The feedback loop in science is more complex. Instead of being driven by a random search, "mutations" are guided by a creative model. This creates momentum in the model space which isn't available to evolution - which in turn makes it possible to discover more complex and less immediately accessible solutions.
It also makes it possible to build systems whose value is guaranteed, or at least strongly suspected, before resources are diverted to making them physical.
The bottom line is evolution is only ever going to find a small subset of all possible biological configurations, and that space is going to exclude many features that are available to science-driven search.
(Of course you can argue that scientific meta-search was a product of evolution anyway, so the distinction is academic.)
I could point to MRIs and SQUID, but I guess you could claim some animals sense magnetism (for wayfinding or determining north). I don't consider those to be in the same league but then we're back to arguing semantics under your definitions.
The fact remains that physical phenomena exist that evolution did not discover. There are perfectly good reasons for that, but I don't think it is fair to say if nature doesn't use it then it is "questionable".
Of course: you need an extremely cold and clean environment, which is very hard to generate in a cell. And it wouldn't even be that useful for cells anyway.
The exact same reasoning applies to quantum computers.
But life could do similar things with collimating reflectors, even for sound. Are there organisms that use geometry to shape sound to send a signal? I'm only aware of ones that use geometry to boost/tune their reception (e.g. owls).
Edit: Dolphins apparently
Wouldn’t this include pretty much any animal than can vocalise?
Arguing that while nature doesn't might not use some technology, it does do something else that relies on the same principle. Who's to draw the line between a technology and a principle? You can say nature has done anything so long as your definitions are uselessly vague.
I continue to believe that it's very likely that brains somehow leverage quantum computing.
The human brain is able to accomplish computational tasks on only around 40 watts of power that destroy what we can accomplish using pretty much any known machine learning algorithm using tens or even hundreds of thousands of watts of power. Maybe our algorithms are primitive or wrong, or maybe the brain just is not a classical computer.
The power of brains is so "unreasonable" that I've long suspected that there are only three possibilities:
(1) Brains are quantum computers.
(2) P=NP, or for a weaker form perhaps there exist large numbers of undiscovered algorithms that offer massive speed improvements over any currently known algorithm.
(3) Brains or intelligence are "supernatural" or at least tap into something about nature that we fundamentally do not understand.
I think option #1 is by far the most likely, especially given that brains excel most of all at search and quantum computing seems to really be able to speed up search.
There is just no way classical computation can do what the human brain does on 40 watts. To me that strains credulity much more than any of the three options above. It just cannot possibly be so.
In a way, your argument makes the same mistakes that it claims these scientists are making.
> strong AI
I'm not sure what you're arguing here; evolution has achieved this in the form of the human mind. I strongly doubt we are as close as some believe to creating SAI, certainly not in the lifetime of any living human being, but arguments that hinge on natural demonstrations require that this is eventually possible.

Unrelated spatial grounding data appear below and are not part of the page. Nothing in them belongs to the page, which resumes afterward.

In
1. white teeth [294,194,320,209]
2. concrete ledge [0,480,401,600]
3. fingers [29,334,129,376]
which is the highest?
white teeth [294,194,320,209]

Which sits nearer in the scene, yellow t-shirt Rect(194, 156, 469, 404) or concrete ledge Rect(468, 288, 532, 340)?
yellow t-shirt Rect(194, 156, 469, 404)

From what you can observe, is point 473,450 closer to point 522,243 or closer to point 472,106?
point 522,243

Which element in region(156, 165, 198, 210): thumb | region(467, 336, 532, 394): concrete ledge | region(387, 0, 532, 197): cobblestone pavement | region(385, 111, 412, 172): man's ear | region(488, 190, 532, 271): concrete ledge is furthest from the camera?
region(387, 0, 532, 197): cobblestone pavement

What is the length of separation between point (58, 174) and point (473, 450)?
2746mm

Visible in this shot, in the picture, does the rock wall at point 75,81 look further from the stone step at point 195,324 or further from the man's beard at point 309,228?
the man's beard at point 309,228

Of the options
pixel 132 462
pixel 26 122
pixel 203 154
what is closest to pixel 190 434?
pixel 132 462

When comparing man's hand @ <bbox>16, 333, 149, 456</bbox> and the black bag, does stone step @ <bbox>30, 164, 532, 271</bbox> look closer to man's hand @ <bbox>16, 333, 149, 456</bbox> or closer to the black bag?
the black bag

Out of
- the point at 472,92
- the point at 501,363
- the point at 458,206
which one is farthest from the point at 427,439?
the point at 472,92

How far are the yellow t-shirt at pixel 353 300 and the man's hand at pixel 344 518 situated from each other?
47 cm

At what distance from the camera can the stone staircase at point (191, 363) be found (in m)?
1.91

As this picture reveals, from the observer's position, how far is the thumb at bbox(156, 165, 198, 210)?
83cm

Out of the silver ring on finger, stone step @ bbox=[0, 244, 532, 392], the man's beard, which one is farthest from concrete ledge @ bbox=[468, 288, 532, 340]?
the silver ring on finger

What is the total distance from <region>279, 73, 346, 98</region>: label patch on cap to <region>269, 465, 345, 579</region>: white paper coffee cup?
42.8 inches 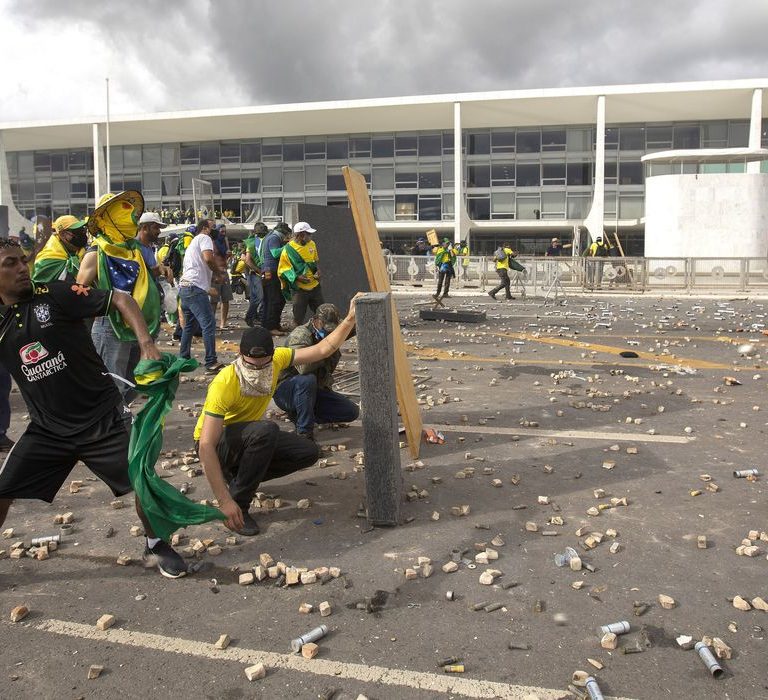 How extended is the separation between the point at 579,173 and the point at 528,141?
3795 mm

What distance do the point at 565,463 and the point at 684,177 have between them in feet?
95.6

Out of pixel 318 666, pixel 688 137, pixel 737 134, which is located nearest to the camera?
pixel 318 666

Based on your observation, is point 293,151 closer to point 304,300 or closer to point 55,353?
point 304,300

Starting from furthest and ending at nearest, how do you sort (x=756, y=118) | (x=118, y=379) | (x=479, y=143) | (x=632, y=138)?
(x=479, y=143)
(x=632, y=138)
(x=756, y=118)
(x=118, y=379)

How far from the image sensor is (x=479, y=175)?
45219 millimetres

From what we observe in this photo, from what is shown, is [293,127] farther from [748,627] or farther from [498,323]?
[748,627]

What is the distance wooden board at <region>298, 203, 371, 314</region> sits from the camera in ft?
39.0

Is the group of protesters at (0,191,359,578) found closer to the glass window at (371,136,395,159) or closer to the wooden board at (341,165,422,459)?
the wooden board at (341,165,422,459)

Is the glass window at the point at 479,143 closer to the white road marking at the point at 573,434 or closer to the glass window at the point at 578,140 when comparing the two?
the glass window at the point at 578,140

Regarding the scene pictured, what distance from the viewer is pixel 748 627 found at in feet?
10.5

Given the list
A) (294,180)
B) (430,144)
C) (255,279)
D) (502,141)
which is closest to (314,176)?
(294,180)

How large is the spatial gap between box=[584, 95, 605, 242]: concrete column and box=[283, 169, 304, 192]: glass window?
18.8 metres

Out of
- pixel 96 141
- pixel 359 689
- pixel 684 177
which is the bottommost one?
pixel 359 689

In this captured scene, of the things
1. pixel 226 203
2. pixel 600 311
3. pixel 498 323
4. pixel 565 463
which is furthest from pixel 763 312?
pixel 226 203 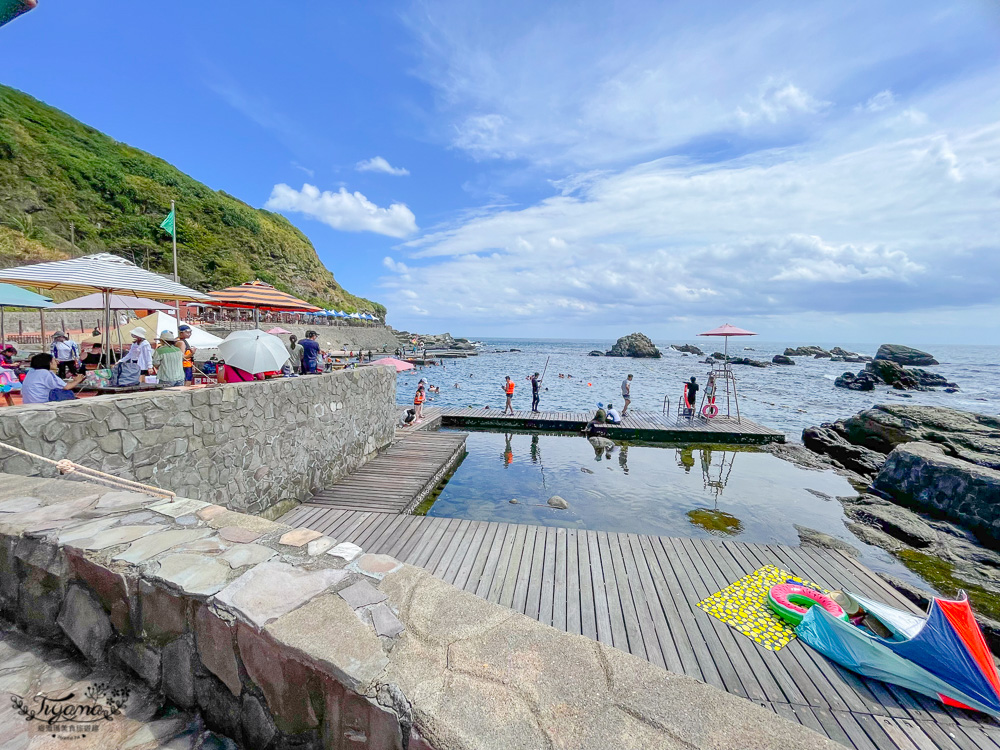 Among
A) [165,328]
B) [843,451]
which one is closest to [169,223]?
[165,328]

Now imagine primitive organisms that has distributed/scattered sensory system like plants( don't start an argument that plant isn't an organism. instead start the right argument with most flawed system please)
We cannot create anything new which we haven't learnt in the past.
WE CANNOT CREATE ANYTHING NEW WHICH WE HAVENT LEANRT IN THE PAST.
Great people are not great in finding relation in surroundings. They are only good at finding what's inside their brain.
What goes inside the brain ? millions of years of nature's influence.
This is an example that anything that feels flawless is from within ourselves!